Writing to clients Tuesday morning, Porges says Gilead "needs the promise or high probability of an incremental $5-7 billion of revenue to reassure investors about their future outlook, and ideally any investment would add optionality for even higher revenue should upside scenarios play out."
Buying Vertex, Porges adds, "makes the most sense, because its future is wholly dependent on CF [cystic fibrosis], where Gilead already has a product (Cayston) and commercial infrastructure."
Gilead's stock price has significantly underperformed the broader biotech market over the past six months, in part because investors are concerned about increasing competition eroding its most important HIV and hepatitis C drug franchises.

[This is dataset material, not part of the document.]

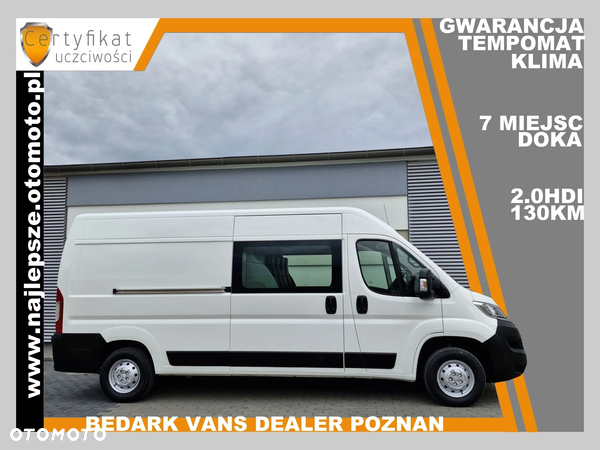 Peugeot Boxer L3H2, BRYGADÓWKA, 7 miejsc, DOKA, tempomat, klima,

Porges estimates Gilead will lose 30-40% of its revenue between 2017 and 2021. But Gilead also has an enormous stockpile of cash and access to cheap debt with which it can make another transformative acquisition, just like the company did twice before.
"Given Merck's (MRK) timeline for entering the HCV market (we think early to mid-2016), and the disruption they may cause from aggressive contracting, we think the time for Gilead to move on such transactions is this year," Porges writes. "Our conversations with investors suggest that many of them feel the same way, and wonder why Gilead is taking so long to make such moves given their strong balance sheet, prodigious cash flow, unmistakable need (and mediocre multiple)."
Porges' proposed deal looks like this: Gilead buys Vertex at a 50% premium, or about $180 per share, using 20% cash and 80% debt. Such a deal would be 7-8% dilutive to Gilead earnings in 2015 and 2-3% dilutive in 2016 before being accretive in 2017 and beyond, he says.
Normally, the stock price of the acquiring company, Gilead in this case, falls on a large acquisition. Porges argues Gilead's stock price would go up, however, because investors would re-rate the company with a higher earnings multiple on par with other profitable biotech and drug companies.
Gilled shares closed Monday at $100.65. Vertex shares closed Monday at $125.55.